Market size for crowdfunding, crowdinvesting and crowdlending platforms and biggest companies in this business area
By the end of October 2021, Start-ups had raised nearly PLN 292 million (approx. EUR 61,6 million) from equity crowdfunding issues. The leaders in this group are gaming and IT companies, but it is also an attractive form of raising capital for companies from the medical products, food and renewable energy sectors.
The interest in investment crowdfunding is evidenced by the time it takes attractive companies to reach their financial goals. In February 2021, CanPoland, trading in medical marijuana, raised PLN 4.4 million (approx. EUR 931 thousand) in 11 minutes, setting a Polish record. The sports project KTS Weszlo collected the full amount of PLN 4.5 million (approx. EUR 952 thousand) on the Emiteo.pl platform in less than an hour.
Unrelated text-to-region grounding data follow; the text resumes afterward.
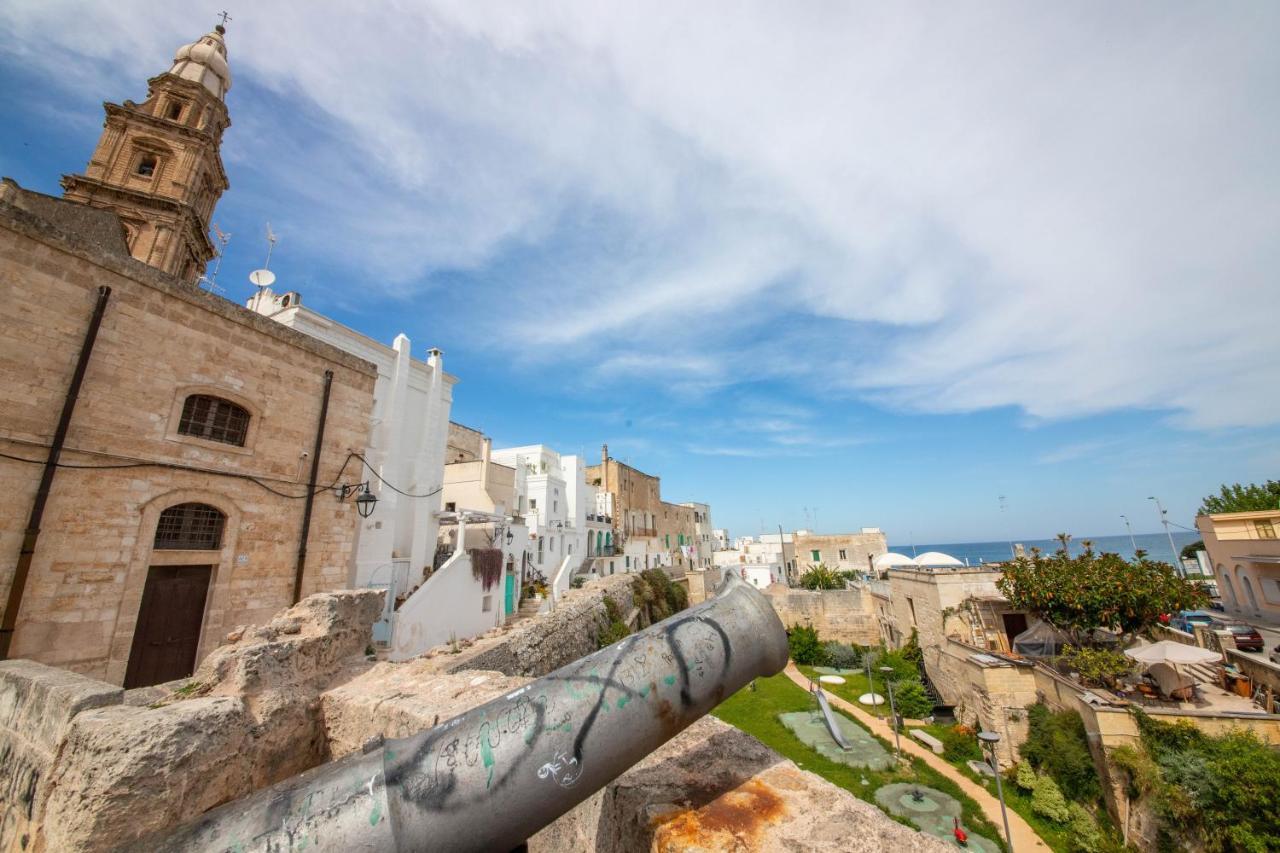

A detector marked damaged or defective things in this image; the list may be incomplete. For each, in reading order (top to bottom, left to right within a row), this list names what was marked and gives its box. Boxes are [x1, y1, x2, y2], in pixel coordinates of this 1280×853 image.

rust stain on stone [655, 773, 783, 845] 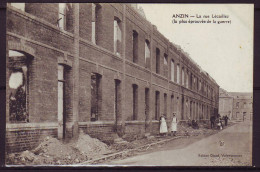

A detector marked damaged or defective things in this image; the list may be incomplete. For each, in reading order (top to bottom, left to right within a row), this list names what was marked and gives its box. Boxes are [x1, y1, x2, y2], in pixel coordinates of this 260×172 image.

broken window [8, 49, 30, 122]
damaged facade [6, 3, 218, 153]
war-damaged building [6, 3, 219, 153]
damaged facade [218, 88, 253, 121] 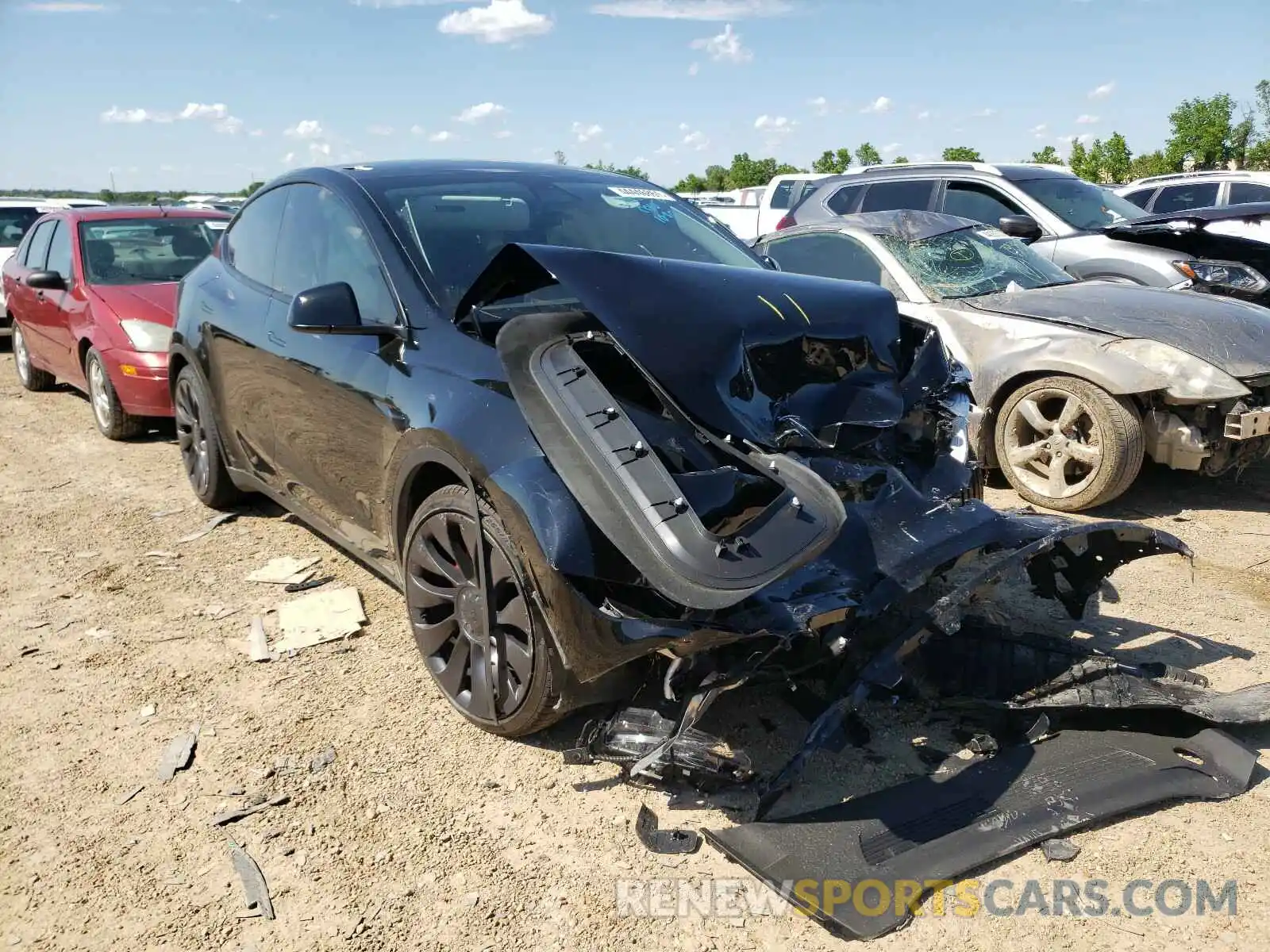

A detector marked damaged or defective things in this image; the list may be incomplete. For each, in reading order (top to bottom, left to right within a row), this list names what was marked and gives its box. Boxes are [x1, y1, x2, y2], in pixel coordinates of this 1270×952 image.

crumpled hood [86, 282, 178, 327]
detached bumper [102, 345, 174, 416]
shattered windshield [371, 174, 762, 314]
crumpled hood [457, 242, 914, 451]
shattered windshield [879, 223, 1076, 298]
shattered windshield [1010, 175, 1153, 229]
crumpled hood [960, 282, 1270, 378]
crashed black car [171, 162, 1270, 939]
broken car part on ground [171, 160, 1270, 944]
damaged front end [467, 244, 1270, 939] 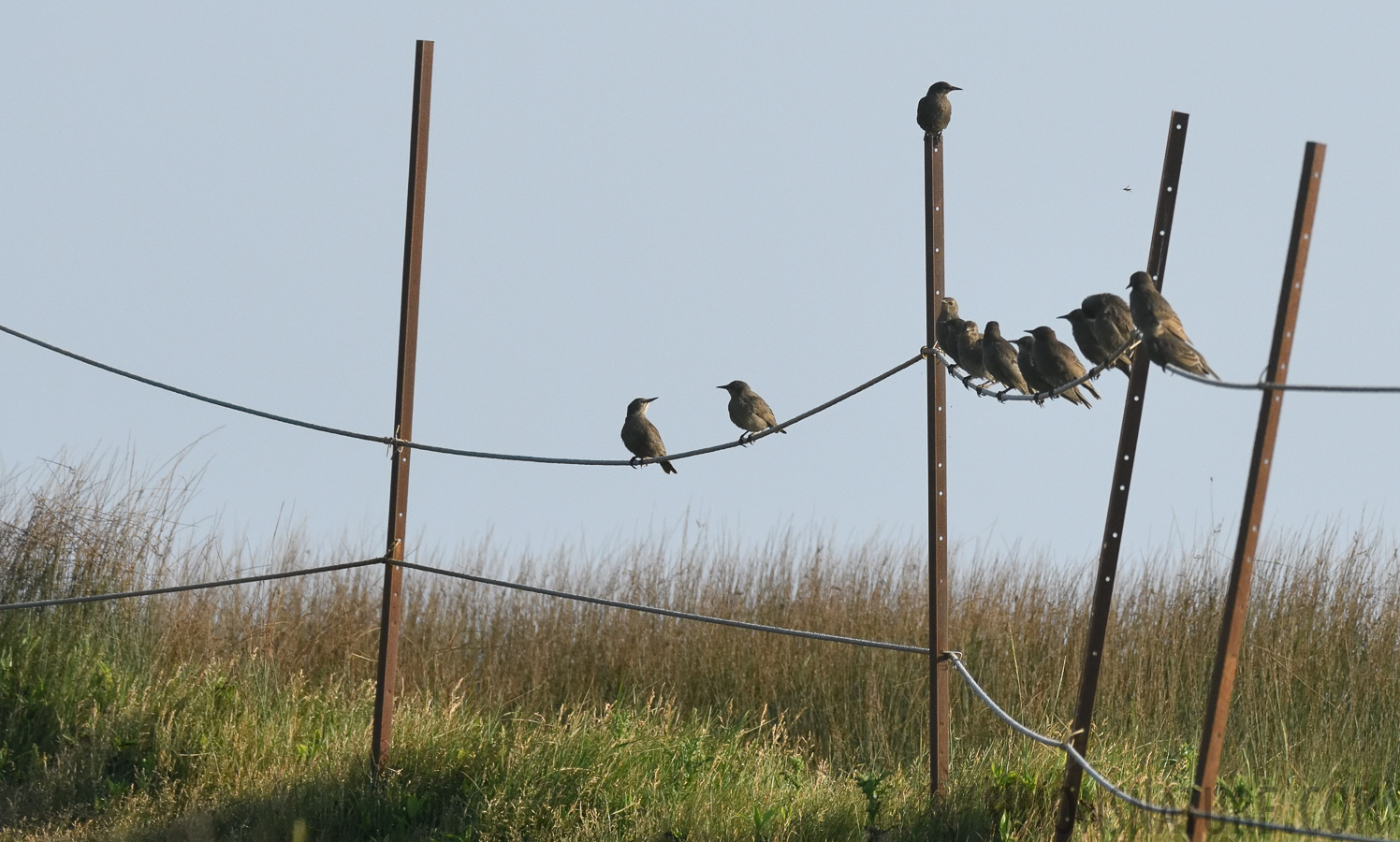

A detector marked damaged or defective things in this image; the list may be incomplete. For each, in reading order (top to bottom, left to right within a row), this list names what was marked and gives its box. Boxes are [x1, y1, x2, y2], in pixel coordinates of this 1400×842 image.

rusty metal post [372, 40, 430, 772]
rusty metal post [924, 131, 946, 794]
rusty metal post [1052, 113, 1187, 839]
rusty metal post [1187, 140, 1327, 834]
Donation-based crowdfunding is estimated to be worth an absolute record PLN 1.5 billion in 2021. Internet users contributed PLN 239.9 million (approx. EUR 50,8 million) to Zrzutka.pl.
Additional comments regarding the economic situation for crowdfunding, crowdinvesting and crowdlending platforms or what FinTech’s must be aware of in this business area
The high level of awareness of the market itself and of the mechanisms operating on it, as well as the involvement of a large group of Internet users in online promotion, especially in social media, can be considered a new trend in the crowdfunding market in Poland. This was observed in relation to the donation-based crowdfunding during the outbreak of the pandemic (support of medical workers and necessary supplies), as well as nowadays while organizing support for refugees from Ukraine.